Linux From A CIO's Perspective
An anonymous reader writes "CIO.com has a story on Linux and OSS in the enterprise from the perspective of the CIO of Cendant Travel Distribution Services, Mickey Lutz. 'In the summer of 2003, Mickey Lutz did something that most CIOs, even today, would consider unthinkable: He moved a critical part of his IT infrastructure from the mainframe and Unix to Linux. For Lutz, the objections to Linux, regarding its technical robustness and lack of vendor support, had melted enough to justify the gamble.'
His organization saved 90% in costs in so doing. Read on if you want to see how the top brass views OSS."
Actually, all of those bright, shiny websites (Expedia, Travelocity, and Orbitz) rely on a GDS (Sabre, Amadeus, Worldspan or Galileo) to provide their content.
Because you can't spell "slaughter" without "laughter"

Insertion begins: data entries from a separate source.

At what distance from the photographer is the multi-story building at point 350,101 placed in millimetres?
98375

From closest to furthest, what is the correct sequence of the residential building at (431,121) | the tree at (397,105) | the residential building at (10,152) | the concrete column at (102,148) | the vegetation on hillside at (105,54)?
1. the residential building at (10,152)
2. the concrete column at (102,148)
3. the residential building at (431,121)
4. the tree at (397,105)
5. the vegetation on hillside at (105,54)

The sidebar indicated that he used Red Hat.
Remember, You are unique...just like everyone else.
ibm is his vendor. says in TFA. IBM was his mainframe vendor, and he moved to linux after IBM anounced its support to it.
What ? Me, worry ?
Seriously, the biggest problem with mainframes is that switching them off is a big problem. These are not boxes you can easily - or safely - reboot, if there is a problem. There usually isn't, because the hardware is usually of very high calibre and massively redundant, but scheduled maintenance of, say, an Amdahl or a (when they existed) a Prime was not a trivial affair.
"Routine" maintenance wasn't much better - DEC would charge the Earth (and Mars) to swap tapes on even a humble VAX, and apparently had contracts with some places (such as my old University in Glamorgan, Wales) where absolutely nobody else was permitted to conduct such delicate operations.
This meant that no sane person ever did anything, if they could possibly help it. Which is one big reason that Big Iron started sliding into unpopularity the moment clusters started appearing.
The other problem with mainframes is that the manufacturer usually has the purchaser over a barrel. You can't exactly walk to Fry's and buy a new RAID controller for a CM-5 Connection Machine, or a new processor card for that Amdahl mainframe in the corner. The manufacturers know they have an absolute monopoly on parts, so charge the absolute maximum the market will bear.
For large clusters, the situation is very different. You probably wouldn't buy commodity off-the-shelf parts, if you could help it, but you COULD. That keeps the price somewhat checked on the higher-end higher-quality parts, because you can do fail-over. If you have twice the reliability, but over twice the price, it becomes more effective to use redundancy and hot-swapping.
Software is another important consideration. If you upgrade the software on a mainframe, you upgrade the WHOLE mainframe. If you upgrade a cluster, then so long as there is backwards compatibility, you can roll out the upgrade a node at a time, keeping the system as a whole running.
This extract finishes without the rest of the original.